Changsha High-Tech Industrial Development Zone (长沙高新技术产业开发区; abbr: CSHTZ) is a national high-tech industrial zone in Changsha City, Hunan Province, China. It is the original Changsha Technology Development Experimental Zone (长沙科技开发试验区) founded in July, 1988. It was renamed to the present name, meanwhile the zone was upgraded to one of first batch of national HTZs. In March 1991, and became a national innovative technology pilot zone approved by the Ministry of Science & Technology in 2009. Its core area is situated in the west of Changsha on the west shore of the Xiang River, and the north side of Yuelu Mountain Scenic Area.

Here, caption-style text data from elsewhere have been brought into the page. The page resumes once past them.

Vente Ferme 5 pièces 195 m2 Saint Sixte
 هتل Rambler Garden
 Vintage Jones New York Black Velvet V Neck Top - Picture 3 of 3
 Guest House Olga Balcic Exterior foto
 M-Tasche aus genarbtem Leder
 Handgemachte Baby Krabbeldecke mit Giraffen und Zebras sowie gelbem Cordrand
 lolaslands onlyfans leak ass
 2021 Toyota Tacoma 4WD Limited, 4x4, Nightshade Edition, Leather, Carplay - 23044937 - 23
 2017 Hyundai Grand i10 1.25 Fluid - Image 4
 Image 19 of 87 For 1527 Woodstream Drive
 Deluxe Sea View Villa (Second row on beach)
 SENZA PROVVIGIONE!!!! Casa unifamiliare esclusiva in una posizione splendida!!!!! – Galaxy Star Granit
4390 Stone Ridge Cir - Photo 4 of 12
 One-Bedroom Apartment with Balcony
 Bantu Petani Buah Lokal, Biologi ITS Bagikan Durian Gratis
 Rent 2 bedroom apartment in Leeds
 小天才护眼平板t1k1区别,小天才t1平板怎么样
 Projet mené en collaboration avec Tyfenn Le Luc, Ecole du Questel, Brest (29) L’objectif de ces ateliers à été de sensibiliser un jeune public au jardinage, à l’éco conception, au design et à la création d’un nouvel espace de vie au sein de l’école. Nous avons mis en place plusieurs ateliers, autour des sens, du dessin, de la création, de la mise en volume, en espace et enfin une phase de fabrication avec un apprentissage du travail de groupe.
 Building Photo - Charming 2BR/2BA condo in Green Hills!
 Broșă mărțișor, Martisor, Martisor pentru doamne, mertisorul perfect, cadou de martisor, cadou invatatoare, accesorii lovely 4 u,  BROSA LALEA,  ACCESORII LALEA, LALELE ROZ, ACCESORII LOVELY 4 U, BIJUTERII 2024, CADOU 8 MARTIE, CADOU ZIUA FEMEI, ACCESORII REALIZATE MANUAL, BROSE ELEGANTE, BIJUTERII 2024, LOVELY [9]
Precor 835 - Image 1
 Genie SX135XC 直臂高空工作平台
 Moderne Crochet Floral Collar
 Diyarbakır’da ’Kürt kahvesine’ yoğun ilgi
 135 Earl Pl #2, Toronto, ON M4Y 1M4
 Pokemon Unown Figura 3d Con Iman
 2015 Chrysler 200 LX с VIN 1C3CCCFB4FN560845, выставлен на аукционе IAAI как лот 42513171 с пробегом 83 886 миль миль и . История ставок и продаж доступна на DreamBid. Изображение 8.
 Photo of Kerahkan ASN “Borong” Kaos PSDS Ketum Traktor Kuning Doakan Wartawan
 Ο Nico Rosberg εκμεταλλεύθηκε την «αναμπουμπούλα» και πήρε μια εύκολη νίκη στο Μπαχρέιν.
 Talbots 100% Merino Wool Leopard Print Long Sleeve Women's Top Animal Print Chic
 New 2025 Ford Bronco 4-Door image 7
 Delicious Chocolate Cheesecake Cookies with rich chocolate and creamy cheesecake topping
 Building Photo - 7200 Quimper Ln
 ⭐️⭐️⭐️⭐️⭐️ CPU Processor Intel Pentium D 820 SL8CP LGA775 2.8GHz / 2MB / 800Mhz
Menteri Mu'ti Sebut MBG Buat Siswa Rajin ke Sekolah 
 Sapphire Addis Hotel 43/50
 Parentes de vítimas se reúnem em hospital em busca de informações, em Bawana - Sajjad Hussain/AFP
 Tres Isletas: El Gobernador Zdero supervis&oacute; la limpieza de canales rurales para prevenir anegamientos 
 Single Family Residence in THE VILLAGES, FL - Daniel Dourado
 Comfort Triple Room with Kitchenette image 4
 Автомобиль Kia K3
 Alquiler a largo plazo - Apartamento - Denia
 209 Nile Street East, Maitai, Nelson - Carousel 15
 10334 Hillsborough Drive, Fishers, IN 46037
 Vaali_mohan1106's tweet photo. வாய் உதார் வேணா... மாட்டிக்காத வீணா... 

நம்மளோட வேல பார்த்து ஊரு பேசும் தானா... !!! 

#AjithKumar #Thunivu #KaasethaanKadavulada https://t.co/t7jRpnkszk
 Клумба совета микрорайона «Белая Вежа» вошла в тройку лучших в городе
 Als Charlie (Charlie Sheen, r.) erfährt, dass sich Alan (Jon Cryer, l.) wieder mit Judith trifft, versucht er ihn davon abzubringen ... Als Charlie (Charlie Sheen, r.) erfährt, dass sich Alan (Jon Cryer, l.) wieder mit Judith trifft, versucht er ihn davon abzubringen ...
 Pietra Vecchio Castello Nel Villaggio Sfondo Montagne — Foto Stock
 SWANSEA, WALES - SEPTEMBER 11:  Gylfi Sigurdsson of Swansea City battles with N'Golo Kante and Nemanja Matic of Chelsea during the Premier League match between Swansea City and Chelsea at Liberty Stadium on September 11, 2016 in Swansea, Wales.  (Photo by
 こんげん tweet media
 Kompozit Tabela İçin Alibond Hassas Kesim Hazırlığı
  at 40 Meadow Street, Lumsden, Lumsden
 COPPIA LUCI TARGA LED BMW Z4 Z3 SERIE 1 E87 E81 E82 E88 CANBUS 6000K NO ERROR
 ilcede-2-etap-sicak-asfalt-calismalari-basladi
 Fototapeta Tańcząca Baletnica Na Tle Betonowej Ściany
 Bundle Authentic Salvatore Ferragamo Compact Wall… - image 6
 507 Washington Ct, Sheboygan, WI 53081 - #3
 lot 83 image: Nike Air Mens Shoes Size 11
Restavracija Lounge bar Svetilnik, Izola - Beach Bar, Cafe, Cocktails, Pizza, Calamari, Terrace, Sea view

In 2016, the total planned area of CSHTZ is 140 km2. The CSHTZ consists of Yuelu Mountain Hi-Tech Park (岳麓山高科技园), Xingsha Industrial Hi-Tech Park (星沙工业高科技园), Longping High-Tech Park (隆平高科技园), Broad Hi-Tech Park (远大高科技园) and City Proper Policy District (市内政策区), of which the Yuelu Mountain Hi-Tech Park is its core industrial park directly managed by CSHTZ. Yuelu Mountain Hi-Tech Park is also called "Luvalley". The controlled overall plan area of Luvalley is 80 km2 and up to now 15 km2 are of development scale.

The pillar industries in CSHTZ are service outsourcing, environmental protection, new materials, new energy, biomedicine, electronic information and advanced manufacturing. As of 2015, the total business income of enterprises in the zone reaches 425.1 billion yuan (US$68.25 billion), the gross output value of industry is 379.2 billion yuan (US$60.88 billion). of which the total business income in Luvalley is 250 billion yuan (US$40.14 billion), its added value of scale-sized industries is 36.78 billion yuan (US$5.91 billion).